Given records:
————————

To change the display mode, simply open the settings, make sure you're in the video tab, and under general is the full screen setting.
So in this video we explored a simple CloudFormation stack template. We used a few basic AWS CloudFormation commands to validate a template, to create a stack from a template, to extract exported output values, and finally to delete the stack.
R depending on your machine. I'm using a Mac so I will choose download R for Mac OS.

————————

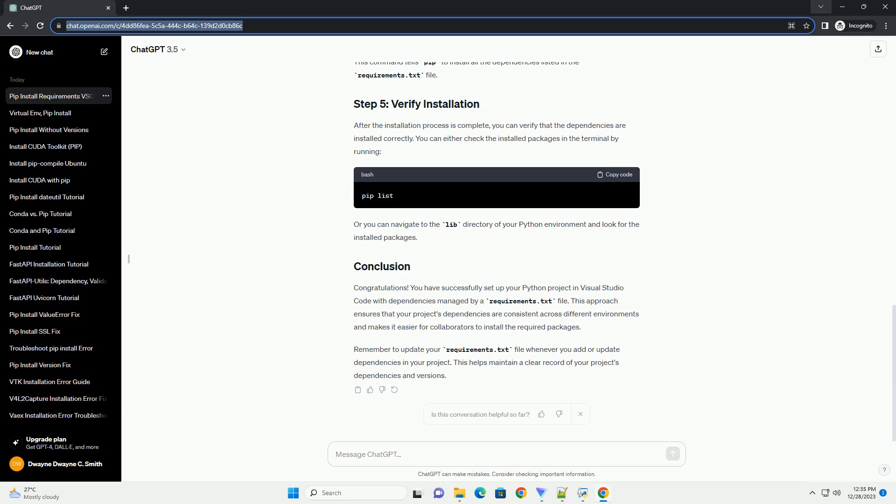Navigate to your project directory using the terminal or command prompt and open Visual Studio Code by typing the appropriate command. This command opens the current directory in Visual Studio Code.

————————

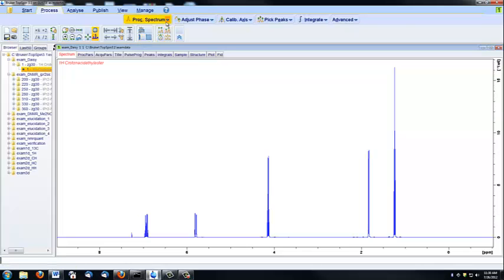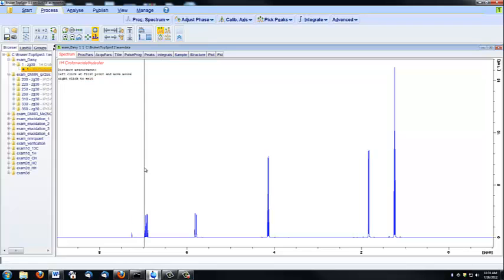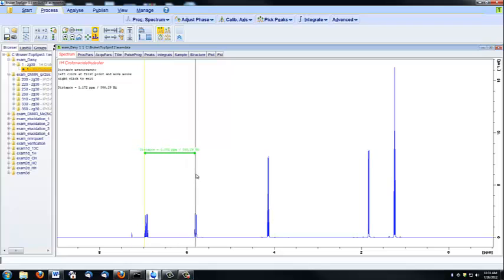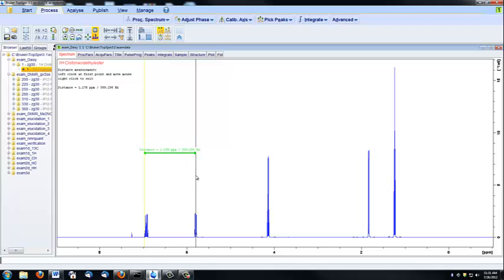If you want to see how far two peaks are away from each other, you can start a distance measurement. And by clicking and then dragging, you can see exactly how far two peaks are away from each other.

————————

What to do:
In the entries above, find each line with the string "video" and copy it.

Solution to the problem:
To change the display mode, simply open the settings, make sure you're in the video tab, and under general is the full screen setting.
So in this video we explored a simple CloudFormation stack template. We used a few basic AWS CloudFormation commands to validate a template, to create a stack from a template, to extract exported output values, and finally to delete the stack.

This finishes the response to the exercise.